Legislation introduced by Representative Carolyn Maloney, H.R. 627, passed the House Financial Services Committee and the U.S. House of Representatives in April 2009. The legislation as passed by the House would codify the Federal Reserve rules and, within 90 days after enactment, require issuers to provide 45 days advanced notice on customer account repricings. Additionally, the legislation places limitations on the issuance of credit cards to individuals aged 18-21, requiring income verification and parental cosigners. The bill, as amended on the Floor, also added provisions at the request of the Obama Administration, including an opt-in requirement for fees assessed on over-limit transactions, data collection on interest and fees by the Federal Reserve, payment allocation methodology that requires high to low interest rate application and a 6 month period for all promotional rates. These provisions, other than those related to repricing as described herein, would become effective the earlier of one year after enactment or on July 1, 2010.
In addition, in March 2009 legislation passed the Senate Banking Committee that codifies many of the Federal Reserve rules and also greatly expands the scope, including removing the 30-day late exemption for repricing, adding limits on credit cards for individuals 18-21, limiting interest on fees and requiring a reasonableness standard for the fees, among other provisions. This legislation will be considered by the full U.S. Senate in May, and the scope of the provisions may be expanded. As currently drafted, this legislation would become effective nine months after enactment.
As a result of the overall political environment, new legislation governing the credit card industry appears imminent. Although the Company has not engaged in many of the practices prohibited by the Federal Reserve amendments or the proposed legislation, the additional rules could have a material adverse effect on future revenues in our U.S. credit card business and could reduce the overall returns of our card business and make the card business generally less resilient in future economic downturns.

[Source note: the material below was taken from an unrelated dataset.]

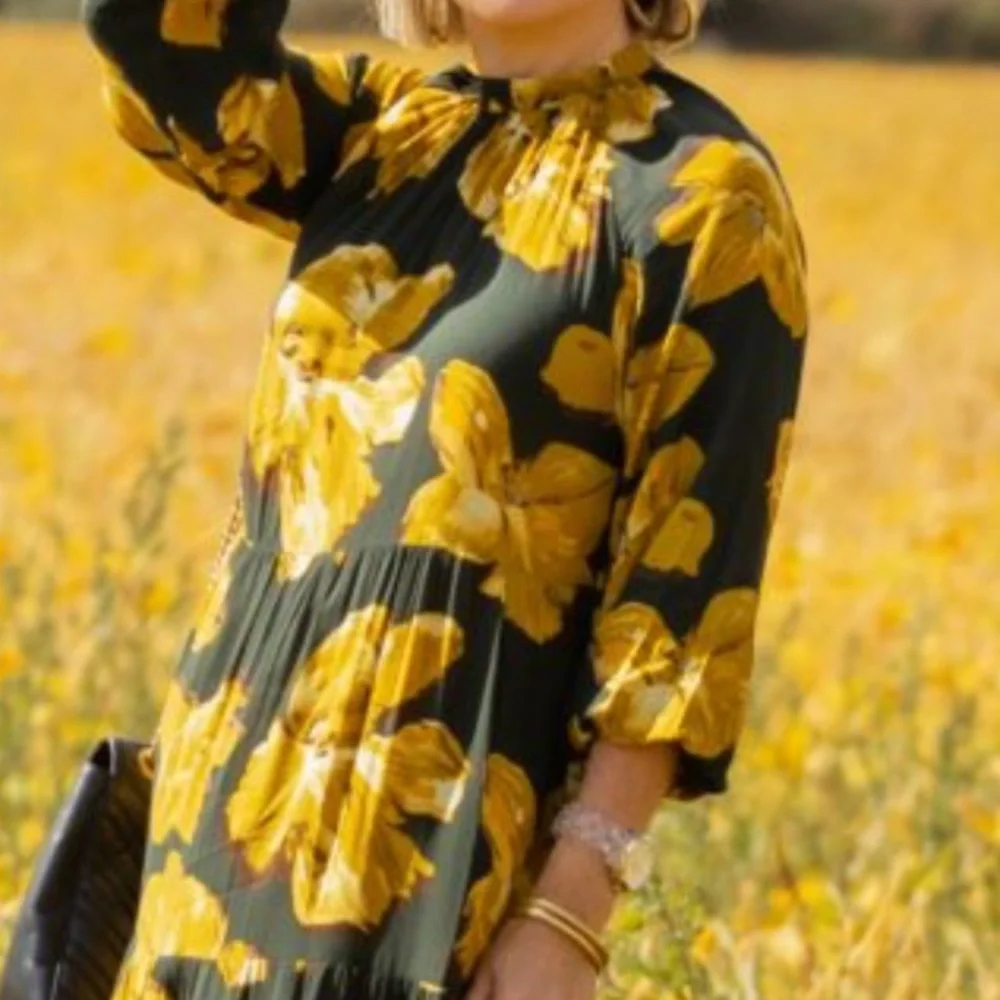 A new day Floral midi Long Sleeve Dress Sz xl - Picture 3 of 6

In 2008, legislation was also introduced to regulate interchange fees. Several hearings were held, but the legislation was not considered by the full House or by the U.S. Senate. An amendment was submitted to the U.S. House of Representatives Committee on Rules to address interchange on H.R. 627; however, it was not among the amendments made in order for Floor debate and therefore was not included in the legislation. It could be raised in the U.S. Senate as credit card practices continue to be debated. Additionally, it is expected this issue will continue to be raised at the state level.
Since 2008, Congress also focused on the housing market, looking at both retrospective and prospective solutions. In July 2008, legislation was enacted to create additional federal backstops and strengthen regulation of the Government Sponsored Enterprises (GSEs), including an overhaul of Federal Housing Administration (FHA) programs. In March 2009, H.R. 1728, the Mortgage Reform and Anti-Predatory Lending Act was introduced in the U.S. House. This legislation was considered and passed by the House Financial Services Committee in April. As passed by the Committee, H.R. 1728 would place a federal duty of care on mortgage originators, lower the threshold for loans covered under the Home Ownership Protection and Equity Act (HOEPA), as well as address assignee liability and require that securitizers retain access to all loans packaged and sold. This legislation is expected to be considered by the U.S. House in May 2009; however, there is no companion legislation currently in the U.S. Senate.